12 Lab 12 - Zonal Statistics and Overlap Analysis

So far we have been mostly keeping to one of the two main data models: vectors and rasters. We have learned several ways to work with either, but they are mostly treated separately. The two exceptions are the Mask by Layer tool that lets us clip a raster based on a vector shape, and the Polygonize tool, which converts rasters into vectors.

In this lab you will learn about Zonal Statistics (QGIS Documentation), one of the main tools that mixes vectors and rasters, and lets you compute pixel statistics for regions defined by polygons. You will also learn about a related tool for points, called Sample Raster Values (QGIS Documentation), and a cousin tool to Zonal Statistics, the Overlap Analysis tool (QGIS Documentation).

12.1 Guided Exercise 1 - Data preparation

In this exercise, we will look at air pollution data from the city of Amsterdam in the Netherlands. Importantly for this exercise, Amsterdam is broken up into 8 districts or boroughs (stadsdelen), which are further divided into neighbourhoods (buurten).

More specifically, we will be looking at NO\(_2\) (Nitrogen Dioxide) pollution. NO\(_2\) is mainly produced by combustion engines, and impacts respiratory health.

The data for this exercise has been pre-packaged and can be downloaded here, and it consists of the following datasets:

A geopackage file containing four layers:
- The location of several NO2 measurement sites, as point vectors.
- The extent and location of parks and green spaces in Amsterdam, as a polygon vector layer.
- The official boundaries of Amsterdam’s neighbourhoods, as polygon vectors.
- A rectangular polygon defining the extent of the study.
A CSV file containing annual NO\(_2\) measurements for several sites, including the sites identified in the geopackage above.

If you are curious, these files were obtained from the City of Amsterdam geodata portal.

A raster file showing modelled annual NO2 concentrations for the year 2008, produced as an output from this research article. The original files cover all of the Netherlands, but have been cropped to make the file size more manageable for this exercise.

Download the data and create a project folder and a QGIS project for this exercise. The project should be set to EPSG:28992 - Amersfoort / RD New, the standard CRS for the Netherlands.

Tip

Two useful websites to find information about coordinate reference systems are https://epsg.io/ and https://spatialreference.org/. Search for EPSG:28992 in thee websites and see what information they provide.

Now load all five layers and the CSV file into your project. This CSV file has no coordinates, so you can just drag it to your Layers panel without needing to use the Import Delimited Text tool.

12.2 Guided Exercise 2 - Zonal Statistics

You are now a GIS analyst at the Amsterdam city administration, and have been asked to analyse the pollution levels per city neighbourhood using the data for 2008 published by the scientific study above. Specifically, you have been asked to calculate the average NO\(_2\) concentrations for each neighbourhood.

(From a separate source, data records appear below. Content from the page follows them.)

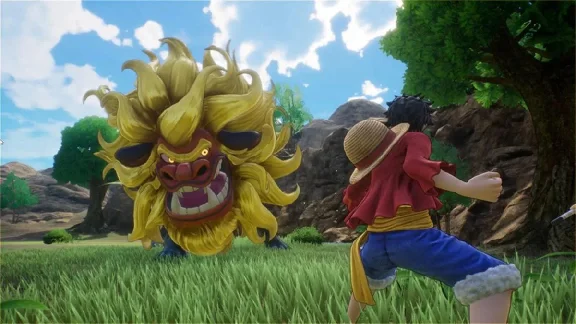 ⭐️One Piece Odyssey Deluxe Edition / Steam Key / РФ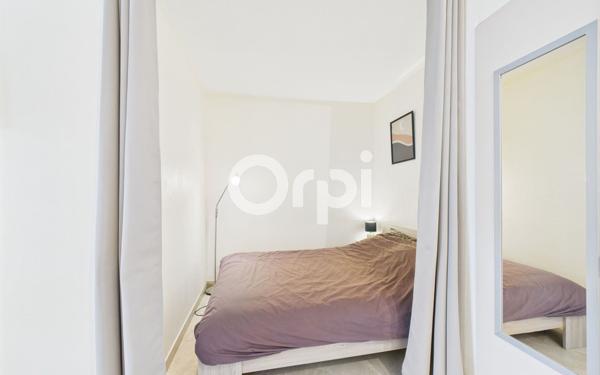 Appartement à vendre    1 pièce • 27,60 m2 Mandelieu-la-Napoule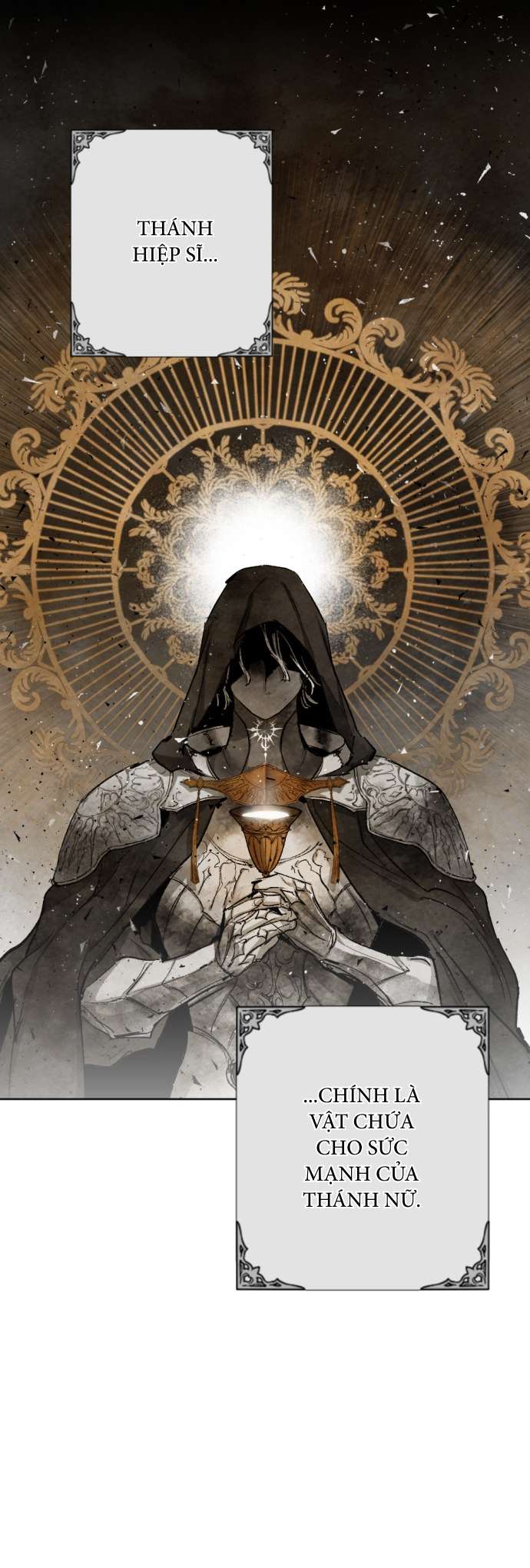Lời Thú Nhận Của Chúa Tể Bóng Tối Chap 29 - Next Chap 30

You have access to the neighbourhood boundaries in vector format, but the study data is given as a raster data.

Stop and Think

Using the GIS tools you have learned so far, how would you accomplish this?

Click for answer

Since at this point we don’t know many tools that interface rasters and vectors, we would have to do it in a rather convoluted way. First, we would need to separate each neighbourhood into a separate vector file, and then mask the NO\(_2\) raster multiple times to generate one pollution raster for each neighbourhood. We could then calculate the Raster Layer Statistics for each one of the masked neighbourhoods, and manually copy each average to a table. No big deal, there are only 518 neighbourhoods after all. There must be a better way - keep reading!

Still, this is a good example of how you can get by in GIS even with just basic knowledge and some creative thinking. There are always multiple ways to achieve the same result in GIS, even if some of these ways are not fast or optimal.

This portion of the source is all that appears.